The party might be hellbent on getting down to Veredar Island NOW, because the monsoon season's kicking off down there in three weeks, and even with a weather mage witching the sails they'll be cutting the timing fine.

The party might be hoping for a moonless night to make that strike, and the scholar with the ephemeris knows the next one is four days from now, but the next one beyond that is fifteen days down the road.  (Hope she made the roll by enough to know that Rosverando's Comet is due to hit perihelion fourteen days from now, so they better not dawdle.)

And the party might want to pitilessly kill every damn partying local blowing a vuvuzela underneath their inn window ...

All this is fixed; I run a sandbox.  Part and parcel of that is I don't throw in bullshit "coincidental" monsoons/eclipses/full moons just to provide random extra obstacles to the party.  I don't see why a group can't plan carefully to deal with seasonal/meteorological/celestial factors just as readily as they plan for fortifications, the strength of oppositions, the power of sorcerers, or any other such "traditional" wargaming-style complication ... and I don't see any reason NOT to hose a party that can't be bothered, the same way I wouldn't take it easy on a party that attempted a frontal assault against suicidally heavy odds.

Hard to create?  Not at all.  There’s going to be a spring planting festival: damn near every culture has one.  There’s going to be a harvest festival: damn near every culture has one.  There’s going to be a holiday celebrating the founding of the nation.  The ruler’s birthday will likely be a holiday ... and not only has more than one culture used that day to designate the new year, some of them have trouble in how the change to a new ruler upsets the bookkeeping!  Your religions will have holidays.  There’ll be the commemoration of a great battle.  (A number of nations commemorate great defeats!) A major athletic festival like the Olympics or the Kentucky Derby.  The traditional day every year when new apprentices are taken, or the knightly order elevates new knights, or annual quitrents are due, or the Blessing Of The Fleet takes place, or last year's wine is broached.  
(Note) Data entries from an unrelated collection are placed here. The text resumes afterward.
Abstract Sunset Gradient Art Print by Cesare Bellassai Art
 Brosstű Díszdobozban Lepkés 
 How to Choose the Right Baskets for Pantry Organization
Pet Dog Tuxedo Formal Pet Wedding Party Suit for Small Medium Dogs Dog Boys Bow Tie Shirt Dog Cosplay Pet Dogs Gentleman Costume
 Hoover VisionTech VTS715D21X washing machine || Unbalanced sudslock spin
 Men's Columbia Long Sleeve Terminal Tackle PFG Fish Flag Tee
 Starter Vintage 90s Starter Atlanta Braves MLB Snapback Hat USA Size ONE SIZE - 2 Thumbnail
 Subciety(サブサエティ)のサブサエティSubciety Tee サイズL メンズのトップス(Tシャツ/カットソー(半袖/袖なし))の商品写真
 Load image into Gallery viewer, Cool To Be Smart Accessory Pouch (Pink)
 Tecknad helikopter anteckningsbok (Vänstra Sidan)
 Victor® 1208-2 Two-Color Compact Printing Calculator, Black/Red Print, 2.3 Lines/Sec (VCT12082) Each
Heck, one of the oldest known ongoing holidays is Lanimer Week in the town of Lanark in Scotland, which grew organically from the town being granted royal city status 900 years ago, a condition that the local merchants ceremonially inspect the boundary stones on that date each year, and celebrations springing up from that.  Or the town where I grew up, which has an annual celebration at the beginning of May based around the running of the herring.  (I am not making this up.)  Come to that, said town had an annual ritual as late as the 1980s where the selectmen would walk the bounds of the down, touching up the paint on the carved boundary stones.  This involved some measure of bushwhacking, with many of the stones being in forests or marshlands ...

So come up with a couple a month.  This is far from over the top; England celebrated 33 “saint’s days” before the UK’s holiday schedule was settled in the 19th century.  Plenty of online lists of such holidays and how they were/are celebrated – just file off the serial numbers and you’re good!